**DATA PROVIDED**
---+---
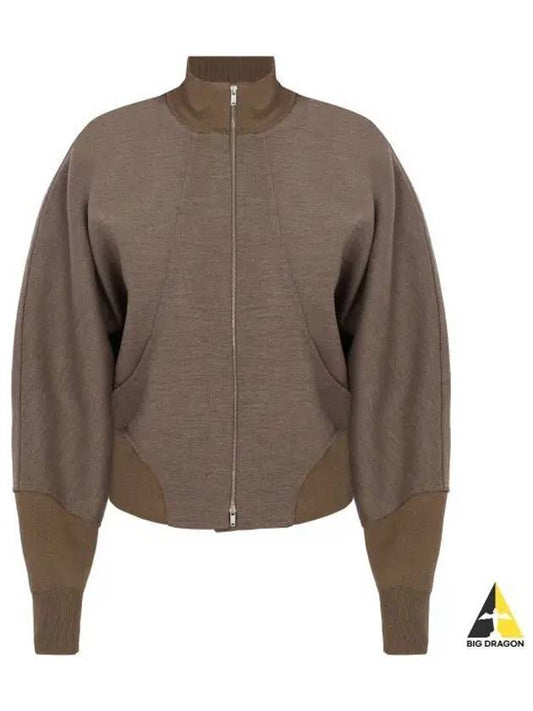 Women's Melange Compact Jersey Wool Zip-Up Jacket Khaki - JIL SANDER - BALAAN 2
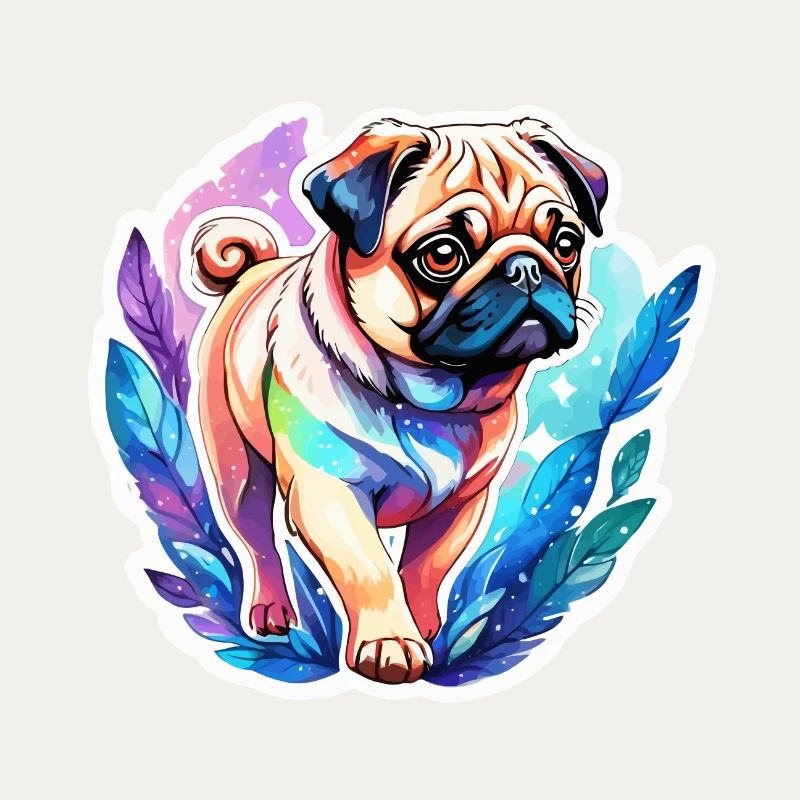 Mops Wasserfarben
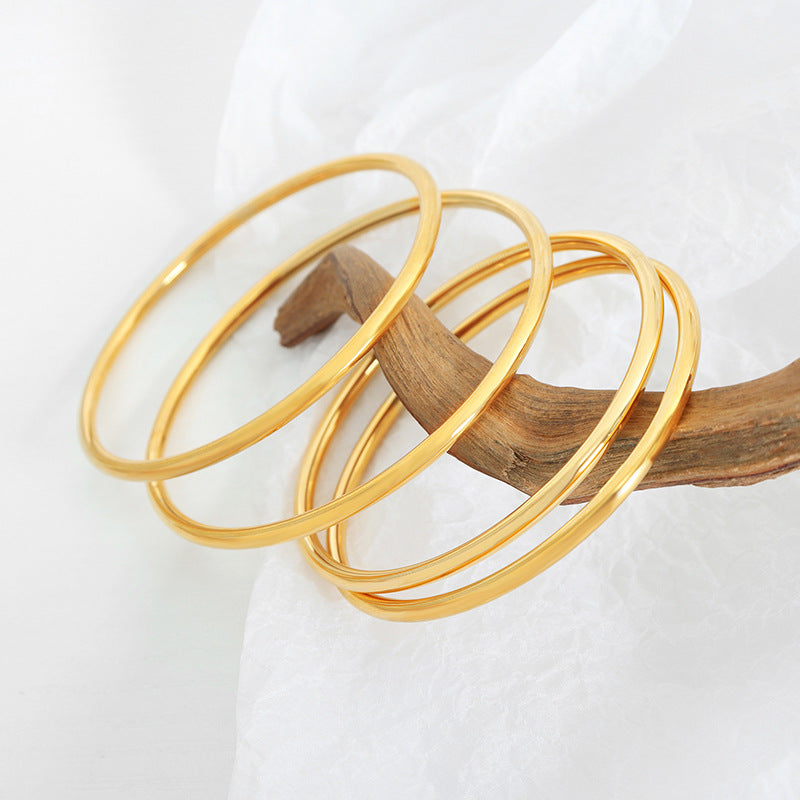 MB02101 Simple Style Stainless Steel Fashion Jewelry Gold Silver Rose Gold Color Options with Vacuum Plating Bracelets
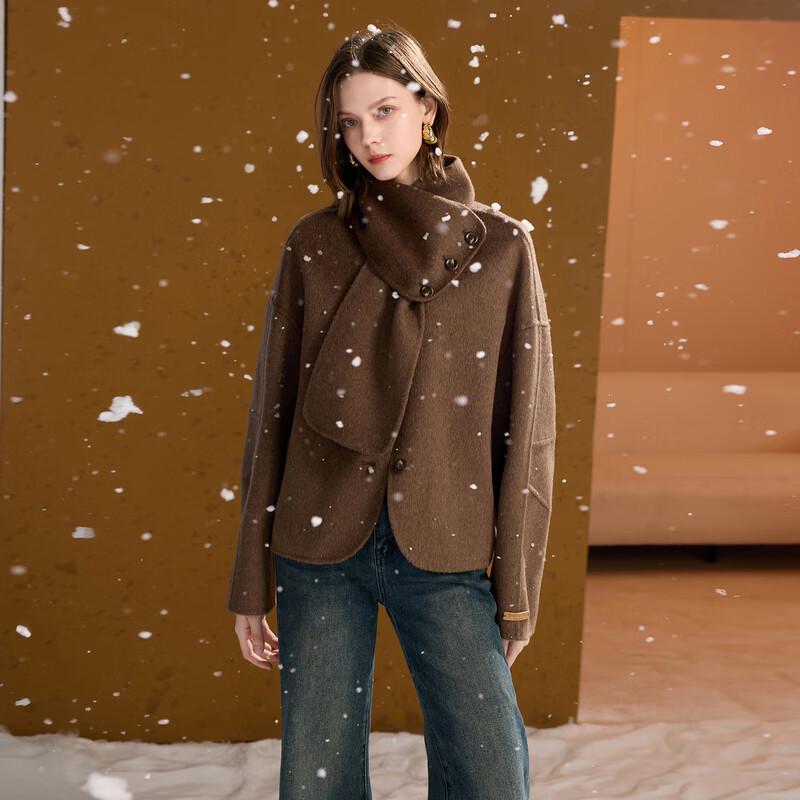 

Пальто-шарф из 100% мериносовой шерсти Санкай, короткий, двусторонний M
---+---
**DESCRIPTION OF THE TASK**
Omit all pictures, and repeat exactly the lines from the line containing "MB02101 Simple Style" through the end of the data.

**YOUR SOLUTION**
 MB02101 Simple Style Stainless Steel Fashion Jewelry Gold Silver Rose Gold Color Options with Vacuum Plating Bracelets

Пальто-шарф из 100% мериносовой шерсти Санкай, короткий, двусторонний M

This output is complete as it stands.